Mon expérience : Injustice et psychédéliques
Il me semble important de dire quelques mots sur ma propre expérience de sentir-penser (sentipensando) par rapport à ces quatre dénis, tels qu'ils se sont manifestés - et se manifestent encore - en moi. Pour reprendre les termes de V. Machado de Oliveira (2021, p.53), « la modernité est... plus rapide que la pensée elle-même, car elle structure notre inconscient » - je ne m'en débarrasserai donc pas de sitôt, car je n'ai qu'un contrôle limité sur mes manières d'être subconscientes. Mais avec l'aide d'autres personnes, je peux essayer de travailler sur ces schémas, et de les composter un peu plus chaque jour.

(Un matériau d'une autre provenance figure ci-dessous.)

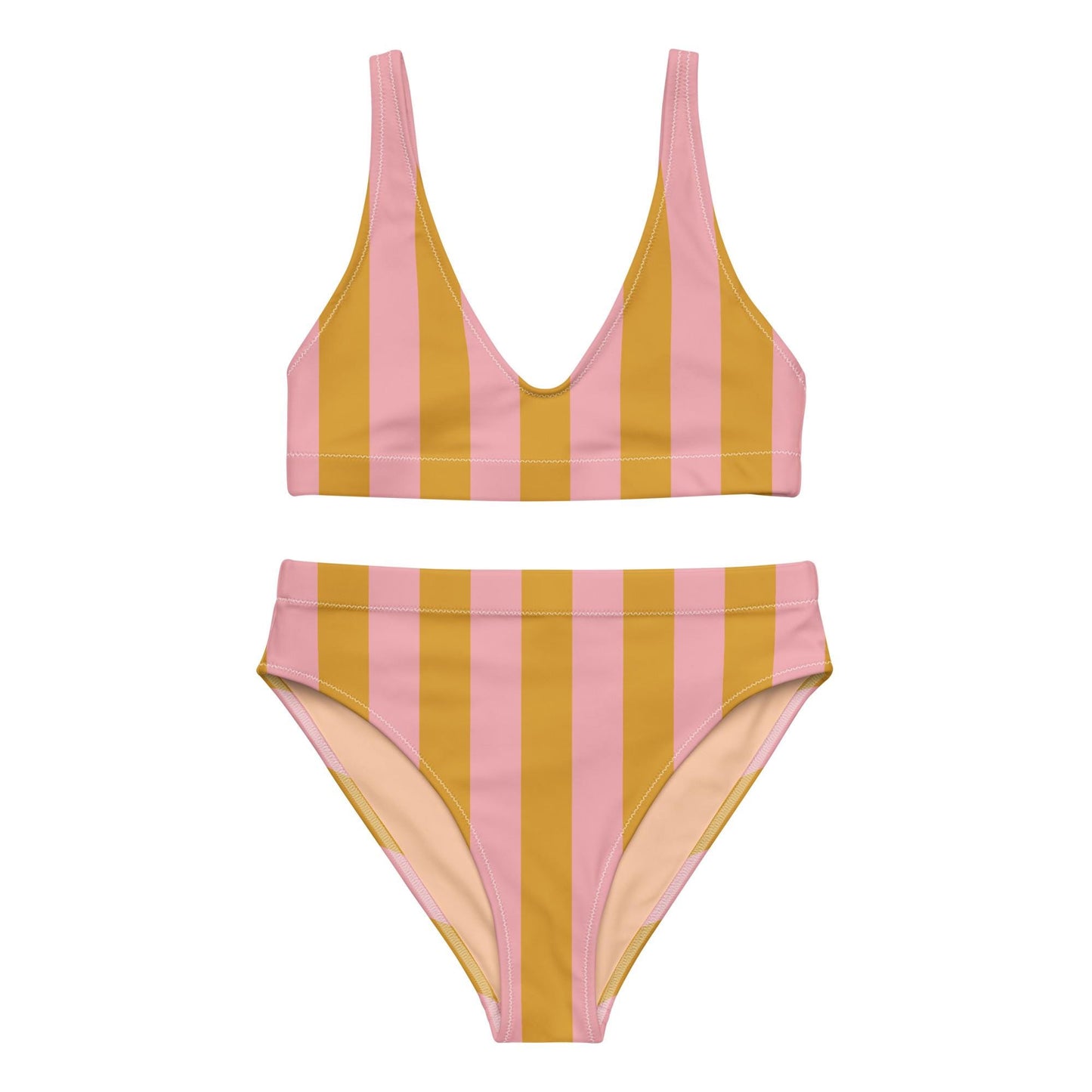 Yellow & Pink Striped High-Waisted Bikini Set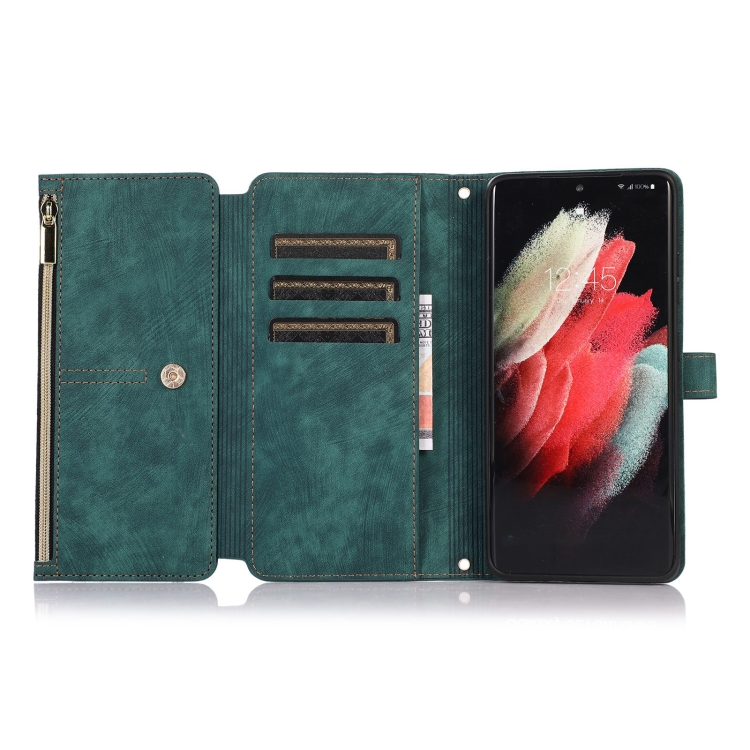 For Samsung Galaxy S21 Ultra 5G Dream 9-Card Wallet Zipper Bag Leather Phone Case(Green) For Samsung Galaxy S21 Ultra 5G Dream 9-Card Wallet Zipper Bag Leather Phone Case(Green)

Je considère que mon engagement dans le Deep Adaptation Forum - et mon intention d'entreprendre cette recherche doctorale - sont le résultat de ma prise de conscience croissante du déni de la non-durabilité de nos sociétés, tel qu'il se manifeste partout, et de l'ampleur des défis actuels (voir l'introduction). Je crois que mon engagement sur ces questions m'a conduit à abandonner consciemment (ou à tenter d'abandonner) plusieurs croyances et autres structures mentales, au niveau cognitif - y compris des théories sur le développement durable que j'ai étudiées pendant mon cycle de Master, il y a plus de dix ans ; au niveau affectif - comme mes fantasmes de parvenir à « réparer le monde », ou mon évitement du sujet de la mort ; et au niveau relationnel - y compris le sentiment un peu flou que « quelqu'un d'autre nettoiera tout ce bazar ! »
Ce n'est que plus tard que j'ai commencé à aborder plus consciemment les deux autres refus.
Comme je l'ai écrit ailleurs (voir l'Annexe 5.2), c'est ma rencontre avec Nontokozo Sabic en 2020 qui m'a incité à renouer avec le sentiment viscéral d'injustice qui m'avait frappé lorsque, le premier jour de mon programme de Master en développement durable, j'avais appris que les pays les plus touchés par le changement climatique étaient ceux qui avaient le moins contribué à ce phénomène. Au cours des années suivantes, peut-être en raison de mon contexte social, j'ai perdu de vue cette injustice. Lorsque j'ai rejoint l'équipe centrale du DAF, début 2019, je n'ai pas remarqué que nos activités s'articulaient entièrement autour de l'effondrement du mode de vie dont jouissaient des personnes comme mes collègues et moi - des personnes de la classe moyenne du Nord global. Jusqu'à ce que je rencontre Nontokozo et que je ressente l'ampleur du traumatisme qu'elle avait subi, en tant que femme sud-africaine noire et autochtone, du fait des siècles de racisme, de colonialisme, d'hétéropatriarcat et d'exploitation qui ont accompagné la conquête violente du monde par les pays européens. Plus tard, elle et moi avons participé à la fondation du Cercle D&D, dont l'objectif était de réfléchir et d'aborder les questions d'oppression systémique au sein du DAF - c'est-à-dire d'aider un plus grand nombre d'entre nous, dans un réseau majoritairement blanc, occidental et de classe moyenne, à affronter le déni de la violence systémique, historique et continue et de notre complicité dans la destruction, qui a permis l'essor de la civilisation industrielle et a conduit au réchauffement climatique et à d'autres aspects de la catastrophe écologique planétaire.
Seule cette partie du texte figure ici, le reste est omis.